## WHAT TO DO
Please return each entry that follows exactly as given, but without pictures.

*-*-*

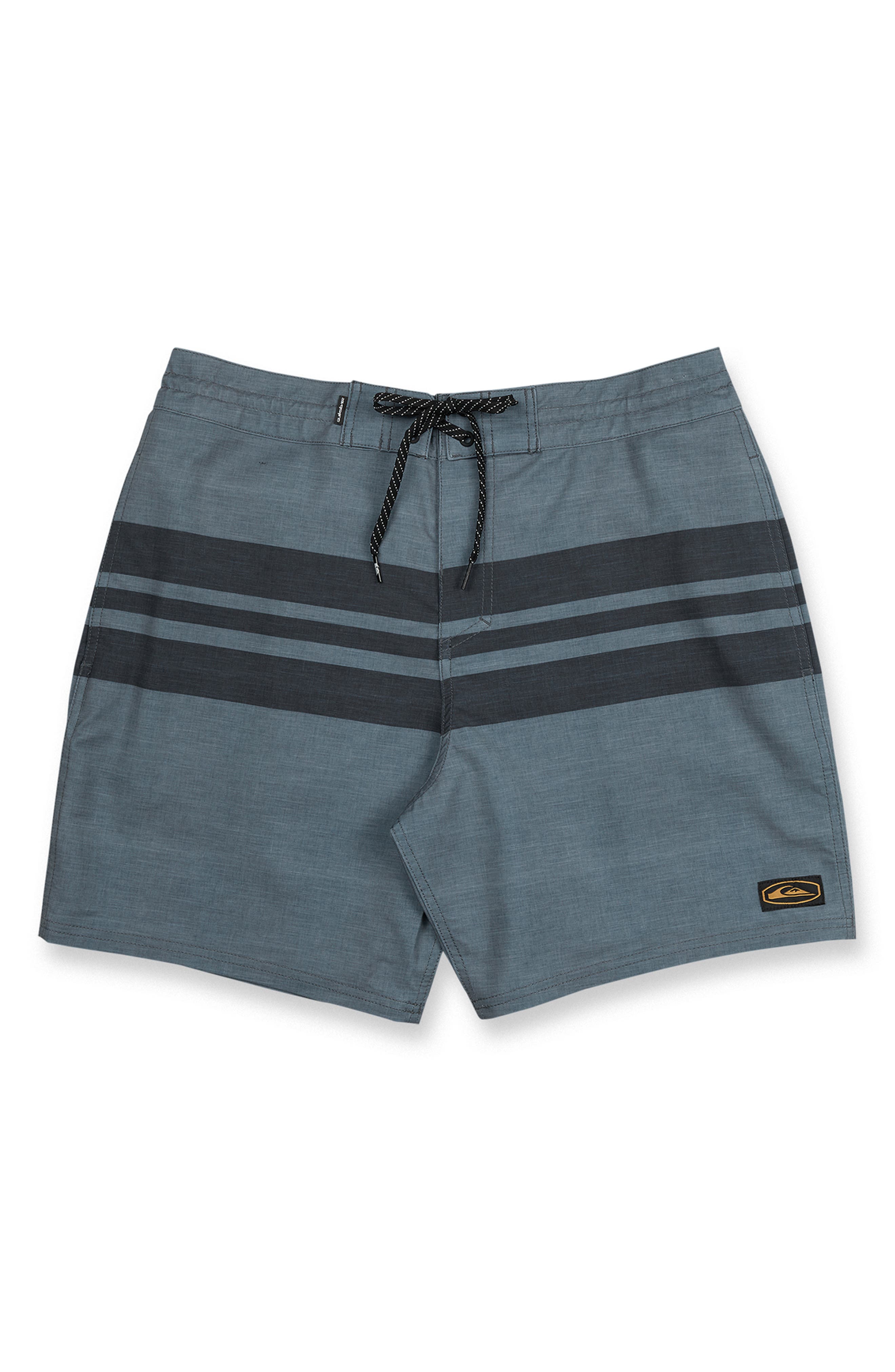 BLACK STRIPE/BLUE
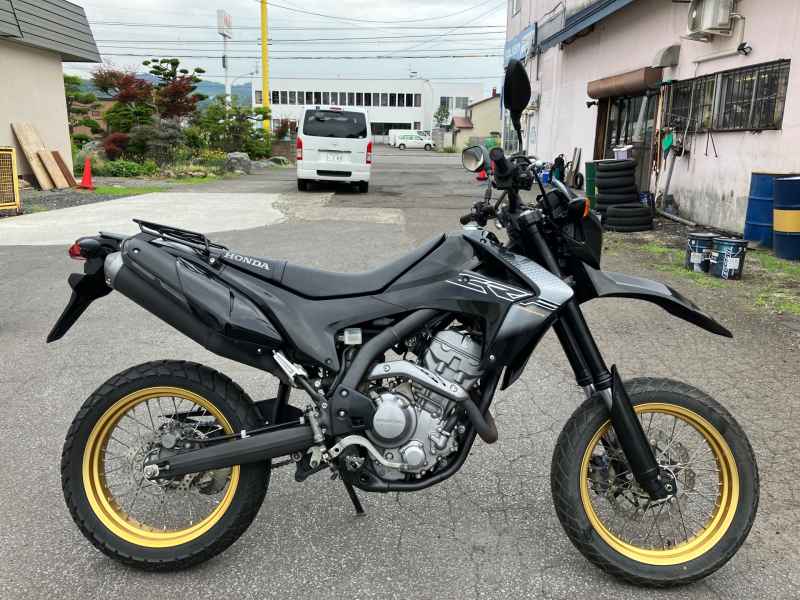 Honda CRF250M 2013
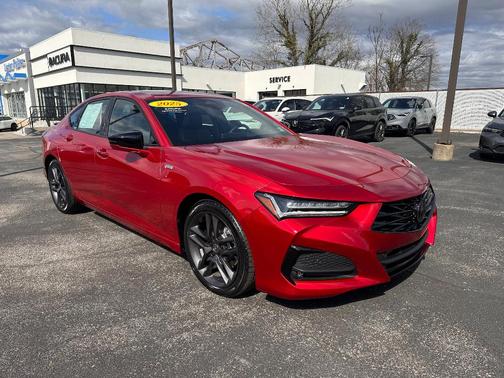 2025 Acura TLX A-Spec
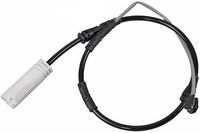 предупредителен контактен сензор, износване на накладките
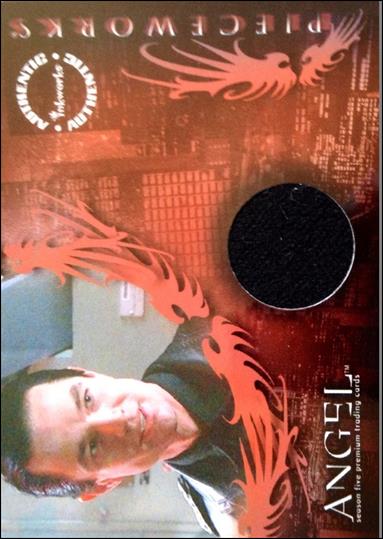 Angel: Season Five (Pieceworks Subset) card PW6 Shirt worn by James Marsters as Spike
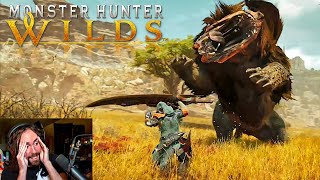 Monster Hunter Wilds  Im 10000 Playing This [upl. by Gerladina]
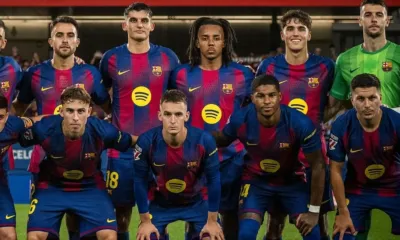alt= Le Barça se relance face à Gérone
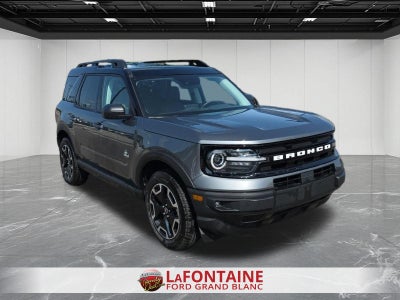 2024 Ford Bronco Sport Outer Banks 4X4
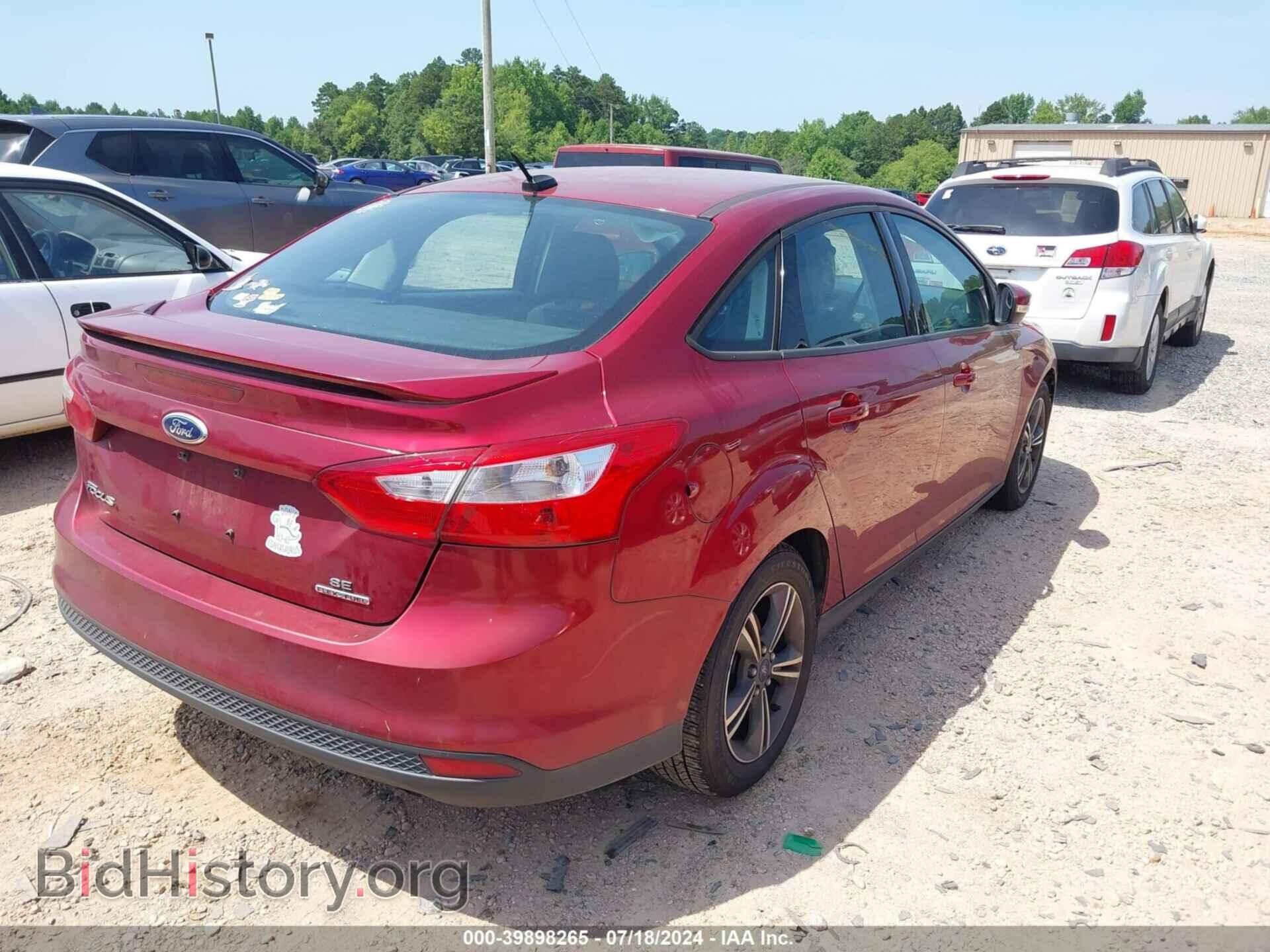 2014 FORD FOCUS - VIN: 1FADP3F26EL189806 - Фото 4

*-*-*

## RESPONSE TO THE EXERCISE
 BLACK STRIPE/BLUE
 Honda CRF250M 2013
 2025 Acura TLX A-Spec
 предупредителен контактен сензор, износване на накладките
 Angel: Season Five (Pieceworks Subset) card PW6 Shirt worn by James Marsters as Spike
 Monster Hunter Wilds  Im 10000 Playing This [upl. by Gerladina]
alt= Le Barça se relance face à Gérone
 2024 Ford Bronco Sport Outer Banks 4X4
 2014 FORD FOCUS - VIN: 1FADP3F26EL189806 - Фото 4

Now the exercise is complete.